As a consultant in go-to-market strategy I am bias to the notion that one of the first things a startup must find is their ideal customer. One of my clients recently did some intense work developing a customer persona to pursue for their SaaS solution and that is just one important element of go-to-market.
As a founder one of the most important things you must do is learn whether or not your idea resonates with its market. So many founders get an idea then they develop that idea around their own experience with its function or value proposition before they even think of testing it on others. This is a first mistake that we have all made as founders. Just because we think our invention solves a need for ourselves or the immediate group surrounding us doesn’t mean it will resonate with enough customers to make it a successful product or business. Understanding this will help you decide whether this is a cottage business idea or a scalable global sensation.
One way to visualize finding your customer persona is to imagine the circles of a target. Then imagine them shuffled out of symmetry, add several more “center target” sized circles scattered about, and you are looking for the smallest circle closest to the center of your new disheveled target. Once you find it that’s only the beginning.
Can you reach these people quickly to test your idea? Are they even looking for your product, service, or solution? Do they even need it?
Until the iPhone was released most people did’t know what they were missing. Now a new generation looks at most single purpose devices that were absorbed by smartphones, watches, cameras, calculators, maps, alarm clocks, video cameras, and don’t forget phones, and they say, why?
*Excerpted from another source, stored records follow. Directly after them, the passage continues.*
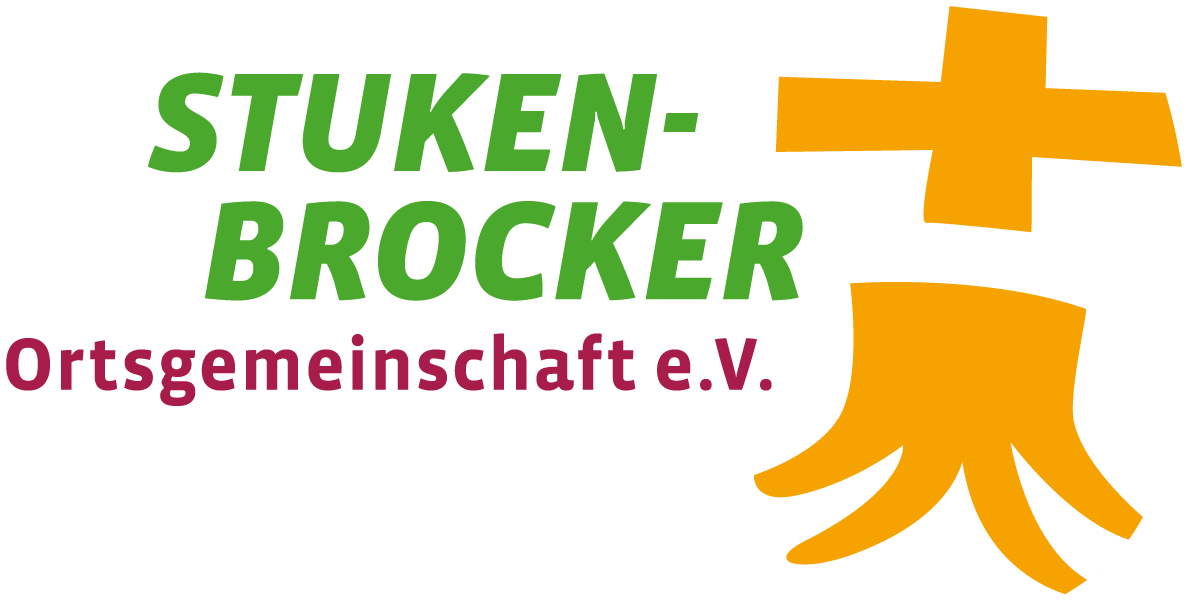 Stukenbrocker Ortsgemeinschaft e.V.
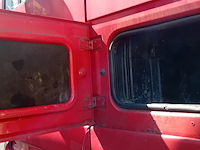 Vrachtwagen, daf, ft xf 105.460 - afbeelding 13 van  31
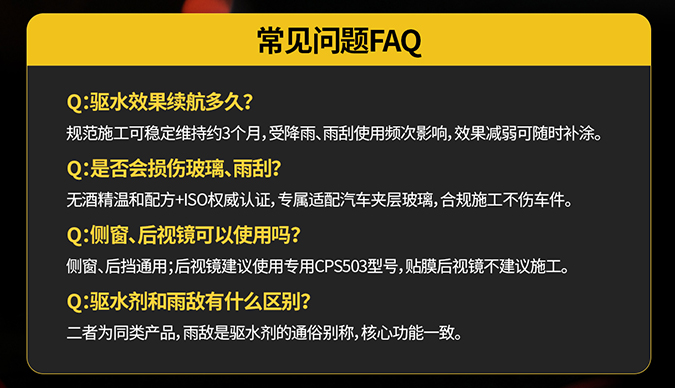 亚洲城登录大厅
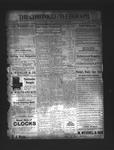 The Chronicle Telegraph (190101), 9 Jan 1908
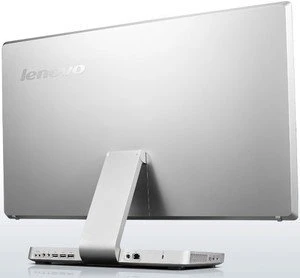 Lenovo IdeaCentre A720, Core i7-3630QM, 8GB RAM, 64GB SSD, 1TB HDD, GeForce GT 630, DE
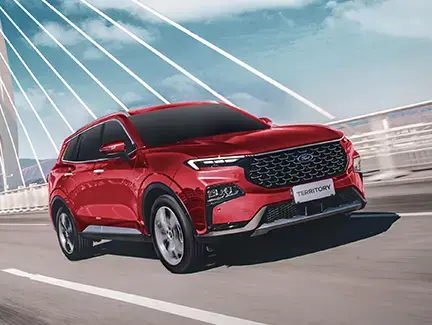 Khả năng vận hành ưu việt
My advice to founders who have what they believe to be a runaway, slam dunk, idea is to put their alpha, beta, prototype, or MVP into the hands of their ideal customer according to the persona they have at least contemplated and listen what they have to say. Then repeat, a lot.
Once you have discovered that the unicorns trotting on rainbows in your head actually have traction with your market then develop a pitch and go looking for money to back it.